» PROBLEM DESCRIPTION
Copy nothing but the lines below, from the one with "Advent calendar bags" through the one with "Destroyed buildings are", exactly as written; no pictures should appear.

» INPUT MATERIAL
•••••
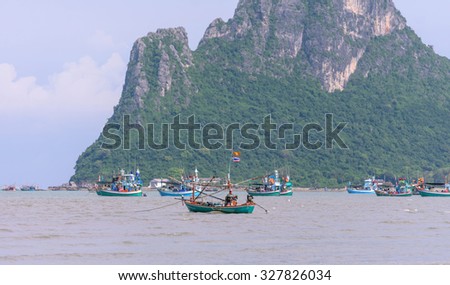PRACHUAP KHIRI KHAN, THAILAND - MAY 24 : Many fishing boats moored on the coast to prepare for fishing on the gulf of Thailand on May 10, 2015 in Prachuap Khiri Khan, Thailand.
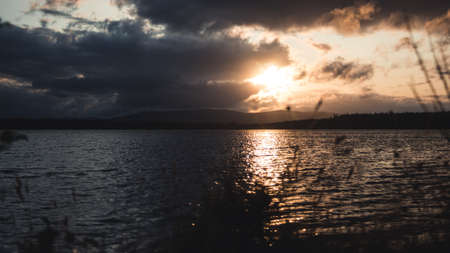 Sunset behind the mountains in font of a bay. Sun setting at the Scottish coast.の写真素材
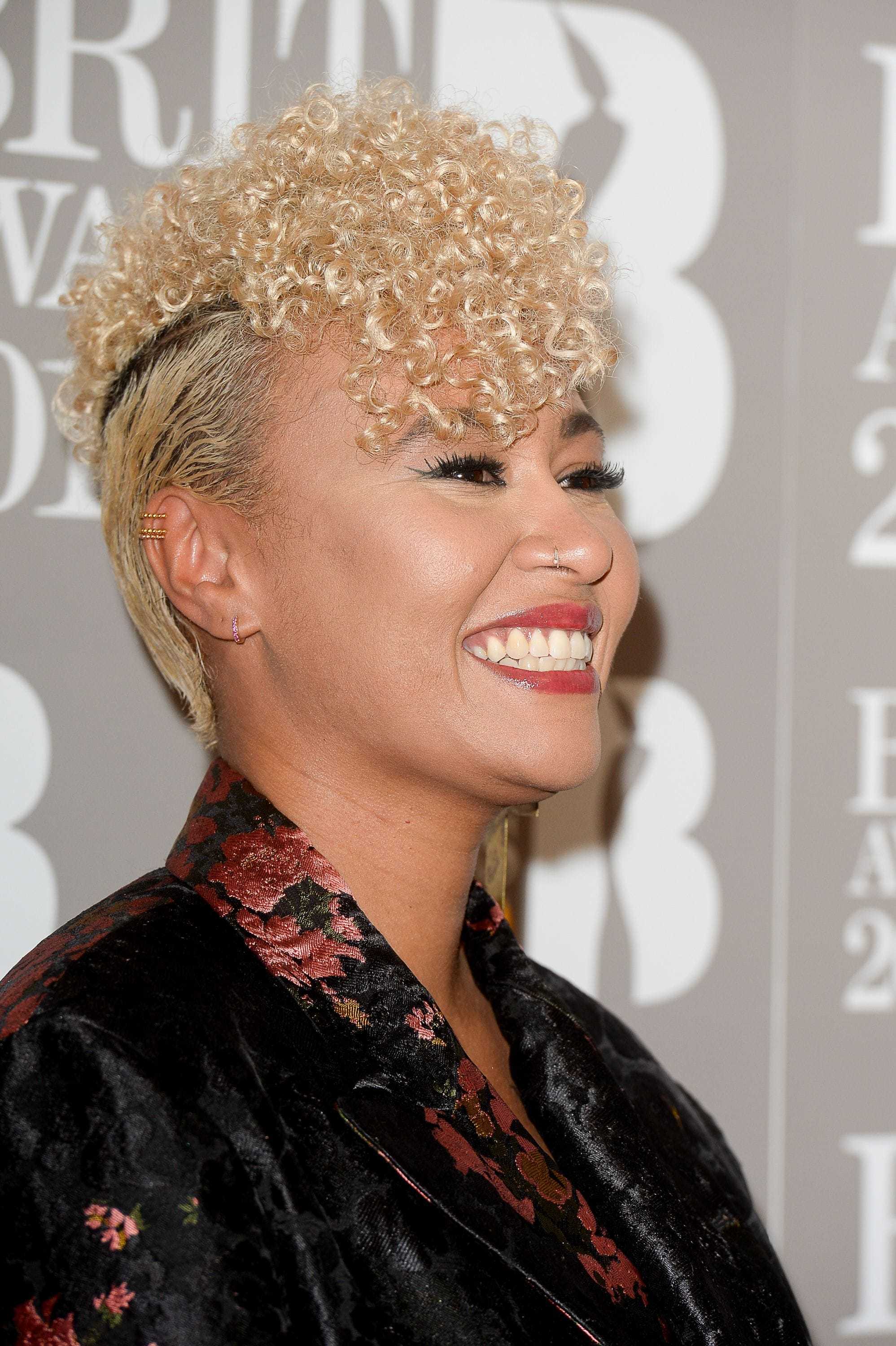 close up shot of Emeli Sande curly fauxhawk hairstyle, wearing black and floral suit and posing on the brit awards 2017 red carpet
•••••
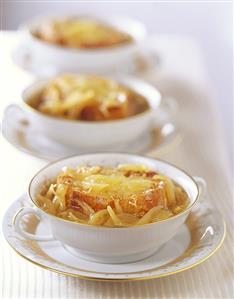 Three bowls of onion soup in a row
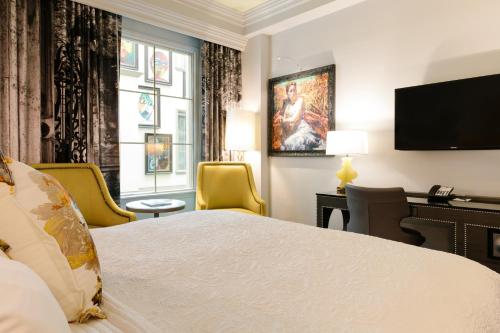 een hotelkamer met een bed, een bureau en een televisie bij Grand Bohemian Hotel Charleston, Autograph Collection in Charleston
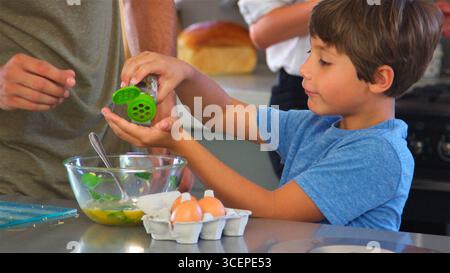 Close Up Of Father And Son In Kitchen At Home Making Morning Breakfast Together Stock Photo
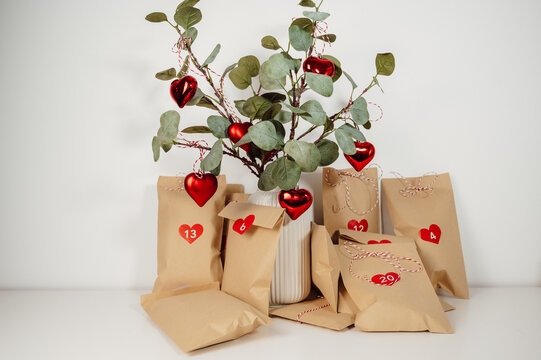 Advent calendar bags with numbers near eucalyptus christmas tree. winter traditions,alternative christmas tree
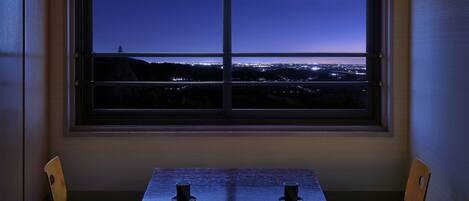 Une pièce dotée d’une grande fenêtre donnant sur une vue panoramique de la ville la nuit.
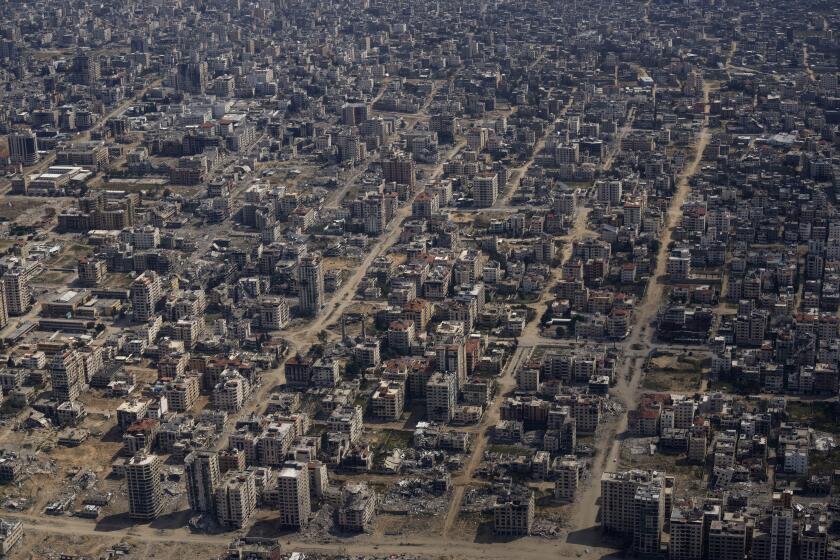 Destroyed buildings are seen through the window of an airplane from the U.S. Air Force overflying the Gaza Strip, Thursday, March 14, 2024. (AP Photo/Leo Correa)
•••••
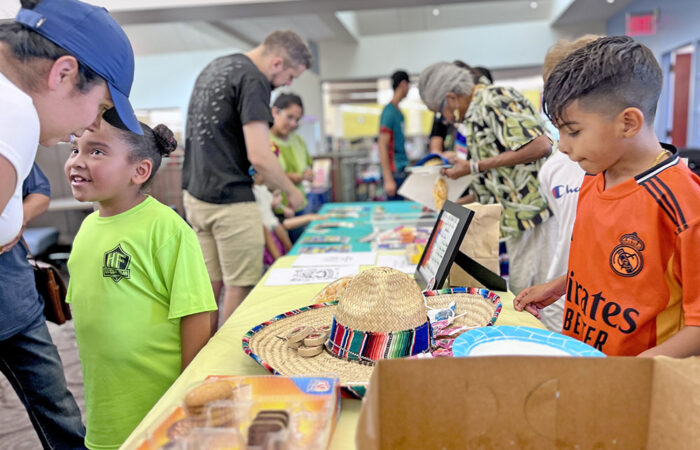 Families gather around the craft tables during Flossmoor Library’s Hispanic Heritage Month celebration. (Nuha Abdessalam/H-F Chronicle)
•••••
» WORKED SOLUTION
 Advent calendar bags with numbers near eucalyptus christmas tree. winter traditions,alternative christmas tree
 Une pièce dotée d’une grande fenêtre donnant sur une vue panoramique de la ville la nuit.
 Destroyed buildings are seen through the window of an airplane from the U.S. Air Force overflying the Gaza Strip, Thursday, March 14, 2024. (AP Photo/Leo Correa)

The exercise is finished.